Large-scale datasets generated via high-throughput sequencing and multi-omics technologies are shaping how researchers uncover features of cancer biology. The National Cancer Institute's (NCI) Proteomic Data Commons (PDC), a component of the Cancer Research Data Commons (CRDC), enables discoveries by providing a cloud-based platform that centralizes access to proteomic data and facilitates its integration with other data types.
The PDC serves as a hub for high-quality proteomic data, genomic data, imaging data, and associated clinical annotations within the larger CRDC ecosystem. By connecting these data types (housed in the Genomic Data Commons, Imaging Data Commons, and The Cancer Imaging Archive) the PDC allows researchers to correlate protein-level changes with genomic mutations, imaging characteristics, and clinical outcomes in the same cancer samples.
Since it officially launched in 2020, the PDC has grown to contain a collection of over 160 proteomic datasets spanning 19 cancer types. Main data contributors to the PDC include consortia that use standardized workflows to profile tumor proteomes, including the NCI-supported Clinical Proteomic Tumor Analysis Consortium (CPTAC), the International Cancer Proteogenome Consortium (ICPC), and the Applied Proteogenomics Organizational Learning and Outcomes (APOLLO) network.

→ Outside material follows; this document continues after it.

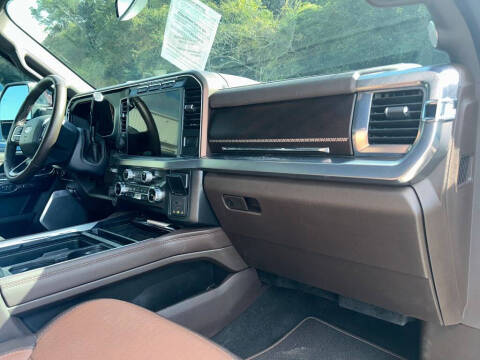 2024 Ford F-350 Super Duty King Ranch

Furthermore, the PDC offers a suite of cloud-based tools that make the data easier to analyze and visualize—researchers can run advanced statistical analyses, use APIs for data retrieval, and generate visualizations to better understand proteome dynamics.
The PDC is continuously improved with FAIR data sharing principles (Findability, Accessibility, Interoperability, and Reusability) in mind to ensure all datasets are available and easily accessible to any researcher with an internet connection.
With more datasets, tools, and capabilities being added over time, the PDC is set to become an integral part of the cancer research ecosystem. Researchers can access the PDC and explore its resources via the PDC portal at pdc.cancer.gov
The PDC was recently featured in the American Association for Cancer Research's (AACR) journal, Cancer Research Communications. The article, titled “NCI’s Proteomic Data Commons: A Cloud-Based Proteomics Repository Empowering Comprehensive Cancer Analysis through Cross-Referencing with Genomic and Imaging Data,” highlights the PDC’s role in advancing cancer research.